IVY.cash needed more than an augmented team of experts - they needed someone to build and run their product and engineering operating system.
The company had patent-pending technology that could deliver NFTs with zero friction via QR scan together with Sillicon-valley VC backing from Republic Crypto and Floodgate. They had a distributed team across US and Europe ready to ship. What they didn't have was the operational infrastructure to deliver predictably while scaling.
We stepped in as the operational backbone for a 9-month engagement. This meant owning the product roadmap, building all process frameworks from scratch, managing the engineering team, and coordinating three major customer launches - all while the team began to actively ship to real customers.

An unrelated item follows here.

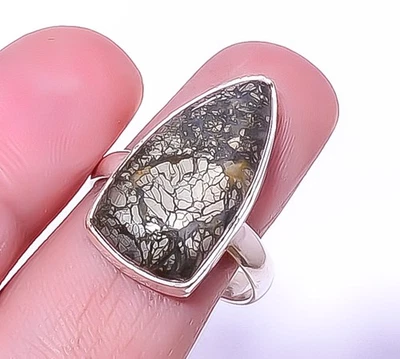 Anillo de joyería de plata de ley 925 Marcasita - Mina Callahan s.9 R5825-31 A367 Foto 1 de 4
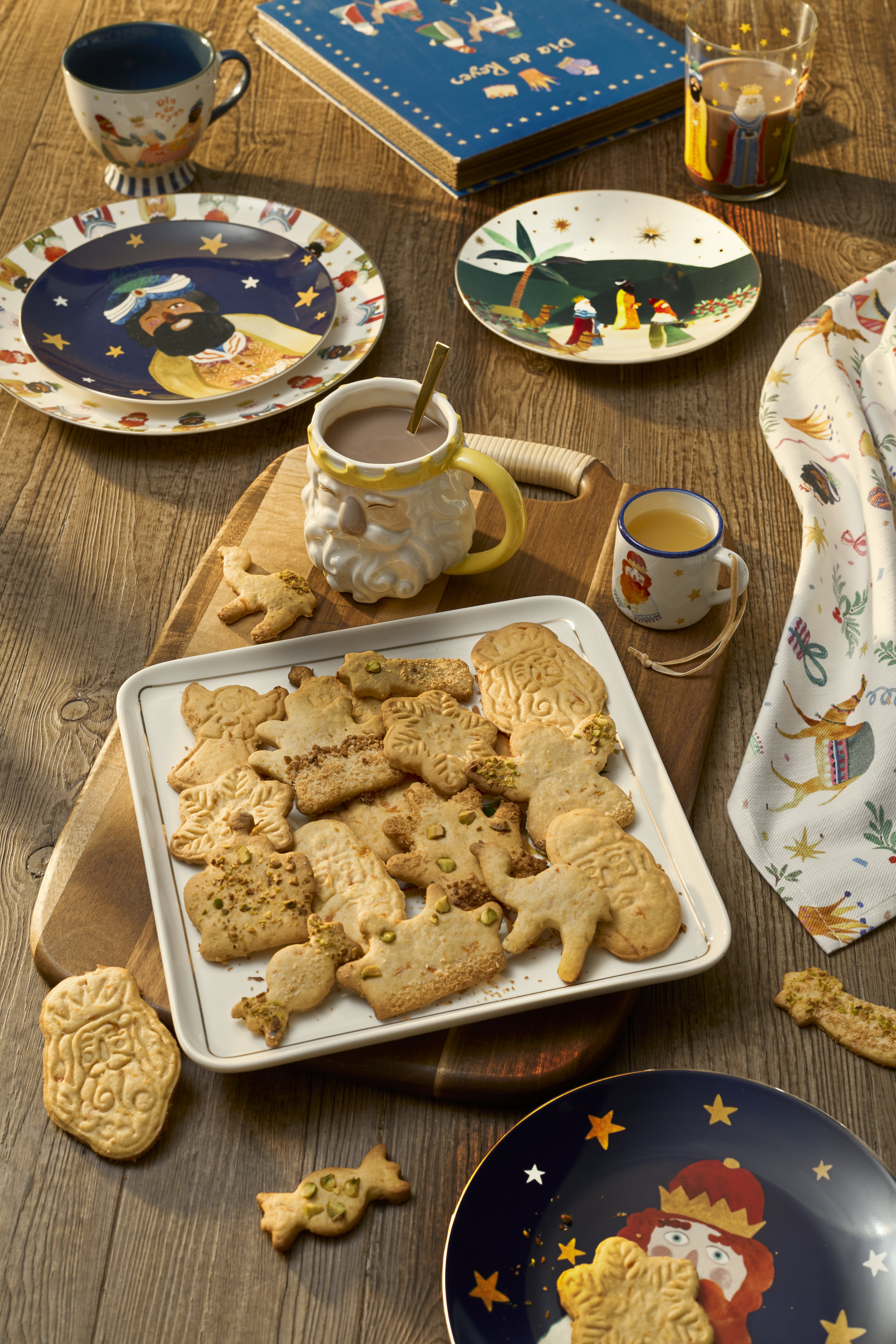 Galletas de mantequilla, calabaza y jengibre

The project title captures our core insight: building products and scaling products require different disciplines. Creating something new demands creativity, experimentation, and tolerance for ambiguity. Operating at scale demands clarity, repeatability, and predictable execution. Most teams are strong at one or the other. We brought both.

We transformed how the team worked—from ad-hoc coordination to predictable delivery.
The role accountability framework gave five key positions clear ownership: Business Owner driving new opportunities, Product Manager handling external stakeholders, Product Owner (our role) owning the development workflow, Lead Engineer managing technical architecture, and Engineers executing with clarity on expectations. No more confusion about who decides what.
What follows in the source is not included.